Private underground lenders are particularly active in Wenzhou, a city that has boomed over the past three decades by producing a wide range of consumer goods. This, along with similar activity in other manufacturing hubs in the east and southeast of the country, has helped China become the workshop of the world.

The accumulation of wealth as a result of manufacturing has also led to ample liquidity in the local market. The black market in Wenzhou is threatening to replace local banks as the major source of funding to finance the town's undiminished building boom. Staying out of sight, the key market players are the many underground lenders, operating in a legal gray area to take deposits and make loans at interest rates that can go as high as 200 percent a year.

In July, Wenzhou's underground banks processed 110 billion yuan ($17.2 billion), about 40 percent more than the 80 billion yuan processed in the same month a year earlier and equal to more than one-third of the city's entire 2010 GDP of 292.56 billion yuan, according to statistics from the Wenzhou branch of the PBOC.

However, the high risks inherent in underground banking have inevitably damaged the city.

Starting at the beginning of April, many SME owners disappeared after failing to pay back money they'd borrowed from underground banks. Huang He, the chairman of Wenzhou Jiangnan Leather Co Ltd, closed down his factory without warning, owing billions of yuan to workers and money lenders.
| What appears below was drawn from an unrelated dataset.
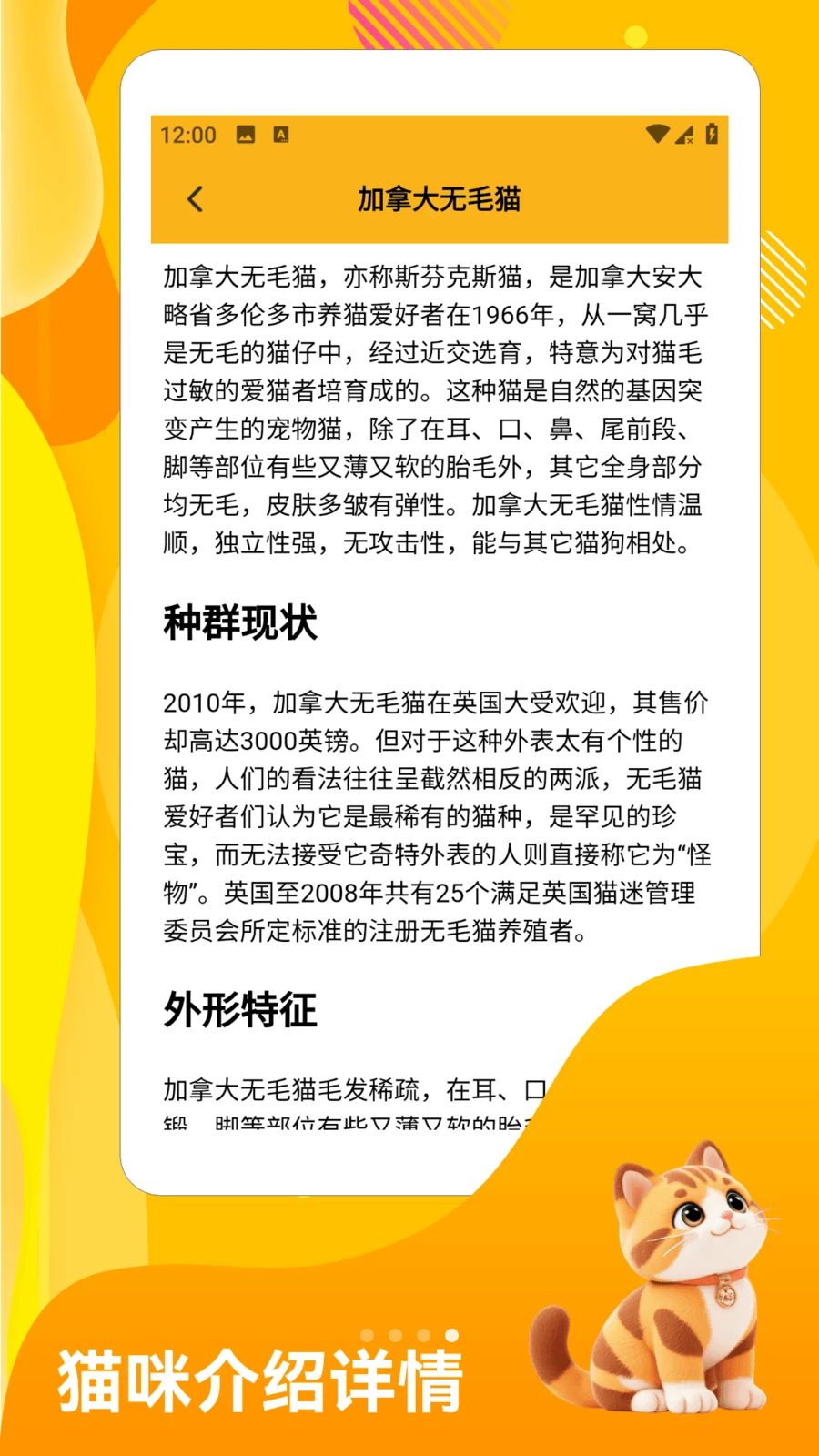 班级宠物园~猫咪品种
"I came to work as usual in the morning and discovered that the gate was shut and a group of people had gathered outside the factory asking the boss to return their money," said a former worker who would only give his surname as Yao.

He added that he still hadn't received his salary for March and April and he isn't expecting to get his money after learning that Huang is alleged to have moved overseas.

Wenzhou Shoes Material Co Ltd unexpectedly ceased production on Aug 29, and just a few days ago, the boss of Wenzhou Jinchao Electrical Appliances Co, located in southeast Wenzhou's Yueqing city, was also reported to have gone to ground. There has subsequently been speculation that he is in trouble with an underwriting company.

Wenzhou Tietong Electrical Equipment and Alloy Industry Ltd Co, Wenzhou Shoes Material Ltd Co and Wenzhou Jinchao Electrical Equipment Ltd Co all fell into the same trap in August.

"All those businessmen had become involved in borrowing money from underground banks and they failed to return the money with the high, ever-increasing interest on time," said Xu Liangxi, deputy director of the Wenzhou Marketing Management Association. "The vicious circle has already started to devour the companies' capital, causing problems for firms that have been in operation for 10 to 20 years."

As a result of these defaults, the private money lenders have started to worry about the increasing risk of lending money to SMEs.

"Most of us have been scared by the recent mass defections of businessmen so we have to double check all company information in detail before lending money, and a written IOU is essential now," said Wang Jianxiao, the owner of a private underground bank in Wenzhou who used to lend millions of yuan to SMEs during the peak period without any formal IOUs.

Wang added that the tightened loan policies have restricted the cash flow for businessmen, forcing them to return the money to the lenders.

Most of the money lenders and collectors have temporarily ceased loaning large sums because they are wary of losing out.

"The collapse of the underground banks, which would be the worst consequence for the private money lenders and borrowers in Wenzhou, will become reality sooner or later if the cash-flow problem is not solved," said Chen Gongmeng, chairman of Wenzhou Strategic Investors Federation.

Chen added that hopefully the official bank loans policy will be loosened and that more underwriting companies will lend money to SMEs at lower interest rates than those offered by the gray-market lenders to ease a situation that has the potential to become severe.